In a complex intelligent robot, such as an autonomous vehicle, these components are individually quite sophisticated. To optimize the behavior of each component requires deep knowledge, skills, and effort on the part of its engineering team.

Although these components are described as though they would be separate stages of a pipeline, they actually interact at multiple levels based on the timing requirements of behavioral decisions. The planning component is usually broken down so that mission-level decisions are made at the highest layer, which are then broken into subtasks that should be achieved on the order of seconds to minutes, which are then finally broken down into continuous reference motions at sub-second granularity. In some sense, the control component is the lowest level of the planning hierarchy.

The perception component may also be hierarchical as well. Some sensor signals, like joint encoder values, are processed minimally to be used by the controller. Others, like vision data, are processed with computationally expensive, relatively slow operations like map-building and object recognition so that mission planning can make significant decisions about the robot's behavior.

The end-to-end approach

In contrast to the perception-planning-control pipeline, the philosophy of end-to-end behavior attempts to compress the entire Plan component into a single monolithic function. Because robot behavior is usually too complex to tune by hand, this philosophy is usually approached via the perspective of end-to-end learning, where the robot itself adjusts the behavior of the Plan component to achieve better outcomes. Recently, this is becoming more a plausible approach given the success of deep neural networks in computer vision and related machine learning fields.
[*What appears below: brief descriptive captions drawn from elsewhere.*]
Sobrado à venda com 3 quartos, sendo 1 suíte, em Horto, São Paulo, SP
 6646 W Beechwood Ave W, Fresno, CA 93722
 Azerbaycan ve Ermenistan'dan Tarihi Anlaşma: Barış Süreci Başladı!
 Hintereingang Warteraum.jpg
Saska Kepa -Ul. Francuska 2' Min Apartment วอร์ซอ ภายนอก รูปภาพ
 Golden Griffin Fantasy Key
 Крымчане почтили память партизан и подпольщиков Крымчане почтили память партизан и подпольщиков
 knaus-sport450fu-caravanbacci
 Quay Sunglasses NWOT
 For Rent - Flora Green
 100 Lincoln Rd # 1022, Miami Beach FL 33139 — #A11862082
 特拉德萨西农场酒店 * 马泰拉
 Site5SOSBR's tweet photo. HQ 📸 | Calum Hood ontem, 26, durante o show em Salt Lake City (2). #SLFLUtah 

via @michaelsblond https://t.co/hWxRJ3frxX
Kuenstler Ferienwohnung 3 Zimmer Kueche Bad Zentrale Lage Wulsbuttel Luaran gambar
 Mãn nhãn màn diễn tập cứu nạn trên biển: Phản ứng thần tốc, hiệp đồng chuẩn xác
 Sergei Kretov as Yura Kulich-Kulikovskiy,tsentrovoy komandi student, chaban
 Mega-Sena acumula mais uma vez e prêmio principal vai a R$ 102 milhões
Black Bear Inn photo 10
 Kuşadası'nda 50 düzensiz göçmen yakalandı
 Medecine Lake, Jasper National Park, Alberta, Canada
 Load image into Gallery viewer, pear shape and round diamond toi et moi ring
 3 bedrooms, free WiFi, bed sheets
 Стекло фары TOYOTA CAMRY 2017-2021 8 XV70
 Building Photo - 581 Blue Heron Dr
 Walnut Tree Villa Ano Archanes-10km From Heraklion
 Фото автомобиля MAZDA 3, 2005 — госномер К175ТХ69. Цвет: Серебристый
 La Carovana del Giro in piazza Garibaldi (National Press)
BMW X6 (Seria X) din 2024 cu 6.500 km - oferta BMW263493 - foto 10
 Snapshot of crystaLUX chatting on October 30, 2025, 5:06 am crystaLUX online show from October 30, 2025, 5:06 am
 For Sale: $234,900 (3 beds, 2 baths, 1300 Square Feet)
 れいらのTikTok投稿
However, there is still a long way to go before end-to-end robots are practical, and in fact there are no commercially-significant robots in the world today that are developed using the end-to-end approach. Why might this be the case? One may be that human scientists and engineers have developed exceptionally precise models for robot behavior that can't be matched using model-free approaches. Another reason may be that the development process for the classical pipeline does a better job of exploiting the ingenuity of human engineering teams by imposing clear roles, responsibilities, and performance metrics for each component. Indeed, it is very hard to determine why a system built entirely on machine learning made a mistake, which makes debugging and development much more difficult. A final reason could be that the machine learning community simply does not yet have the right model for robotic cognition, and some breakthrough awaits just around the corner! (Personally speaking, I enjoy the robot engineering process, and hope for the sake of myself, my colleagues, and my students that this latter scenario does not occur any time soon.)